■ Data section
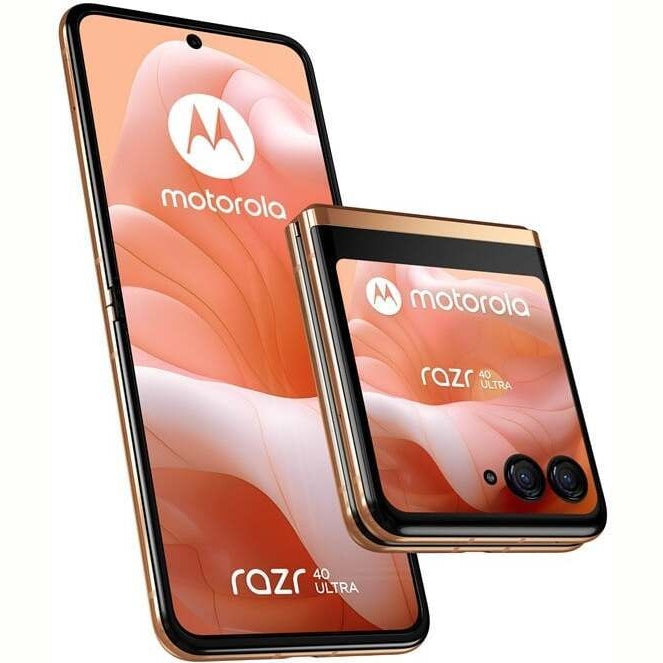 Motorola Razr 40 Ultra 5G-phone, 256/8 GB, Peach Fuzz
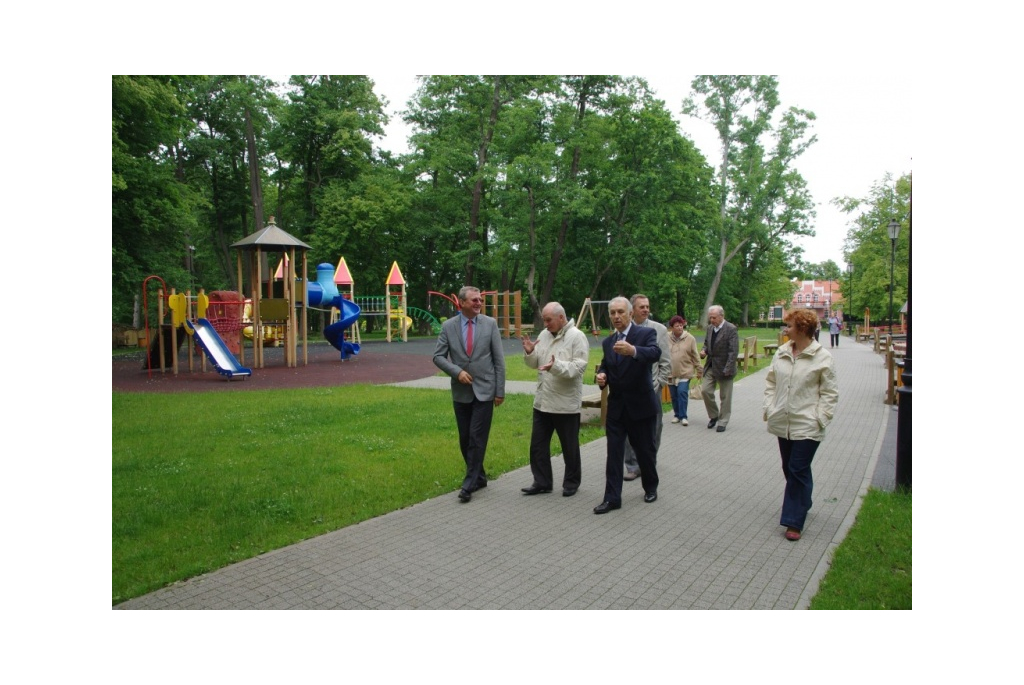 Park Miejski im. A. Majkowskiego w II etapie konkursu Modernizacja Roku 2011 - 27.06.2012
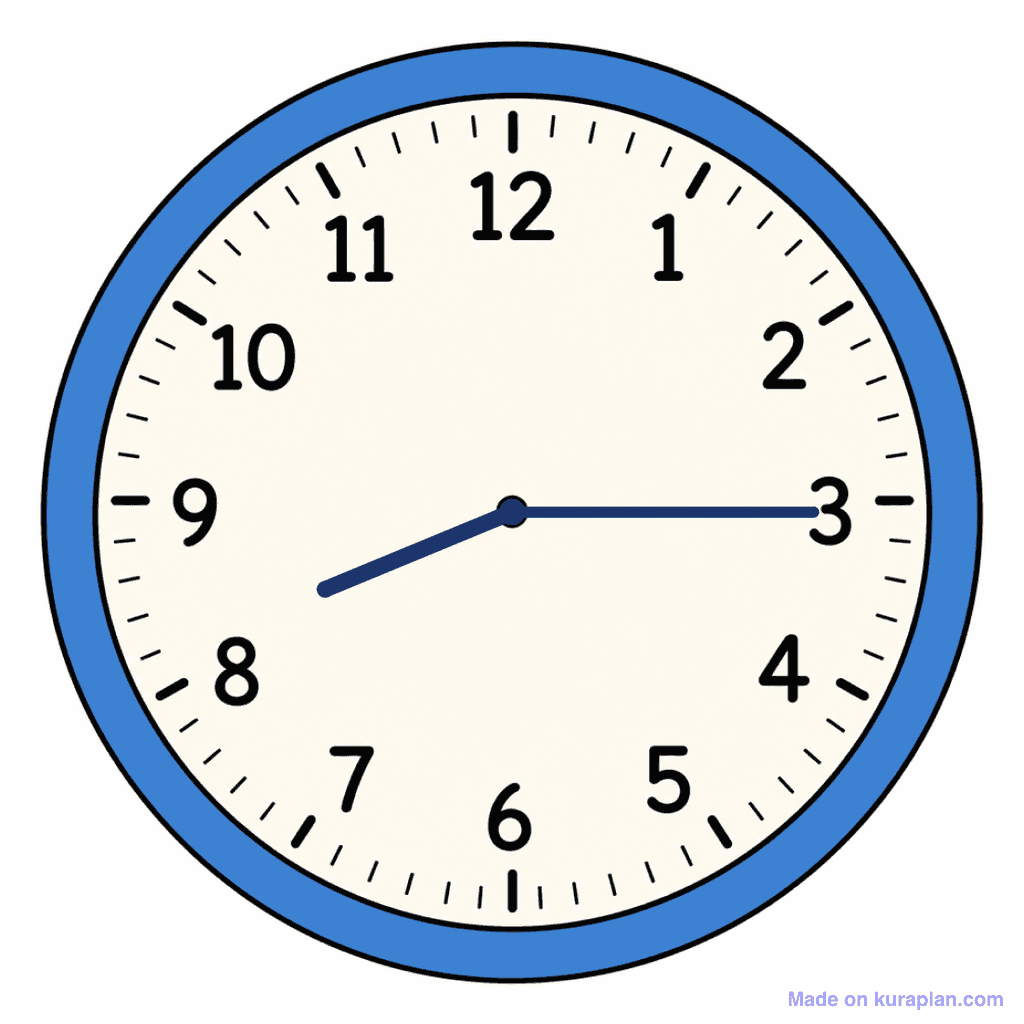 Clock Face — 8:15 (Quarter Past 8)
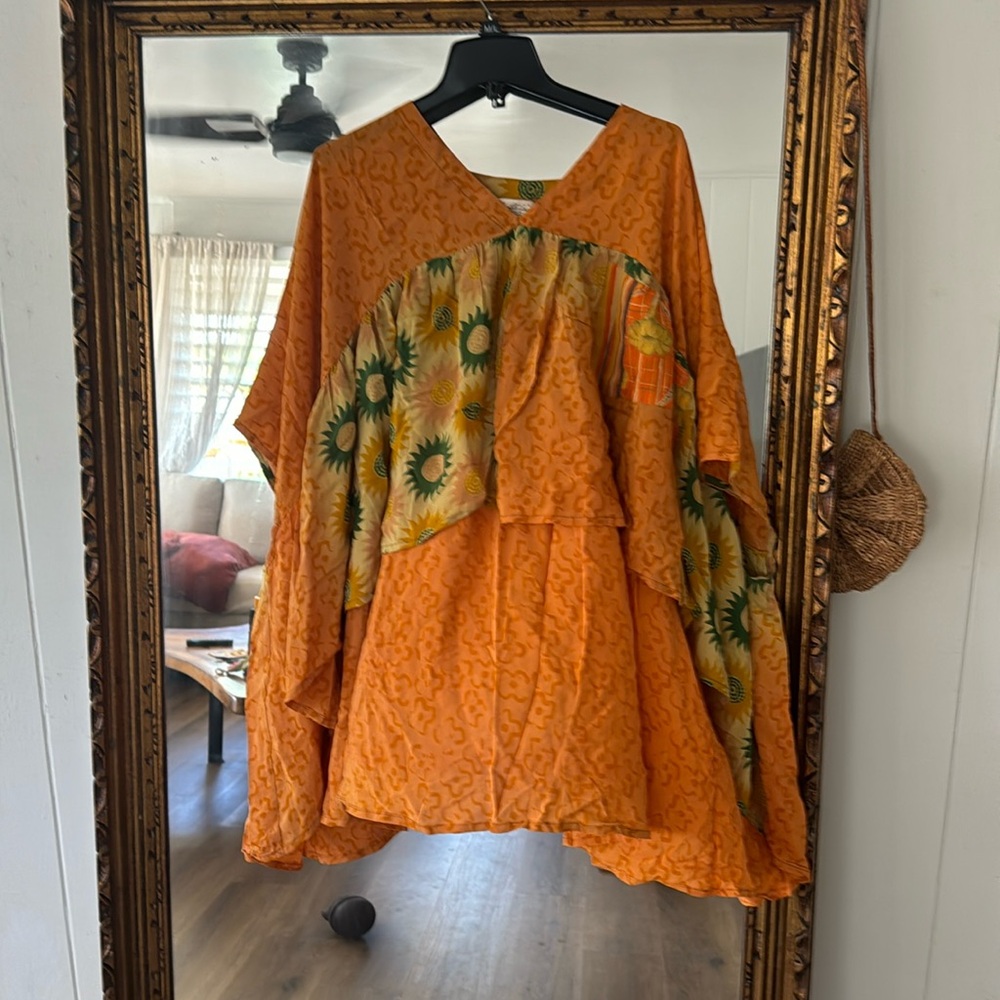 Kantha Bae Gold Dust Crop Top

■ Work task
When copying the listing, print each line exactly but leave out every picture.

■ Result for this exercise
 Motorola Razr 40 Ultra 5G-phone, 256/8 GB, Peach Fuzz
 Park Miejski im. A. Majkowskiego w II etapie konkursu Modernizacja Roku 2011 - 27.06.2012
 Clock Face — 8:15 (Quarter Past 8)
 Kantha Bae Gold Dust Crop Top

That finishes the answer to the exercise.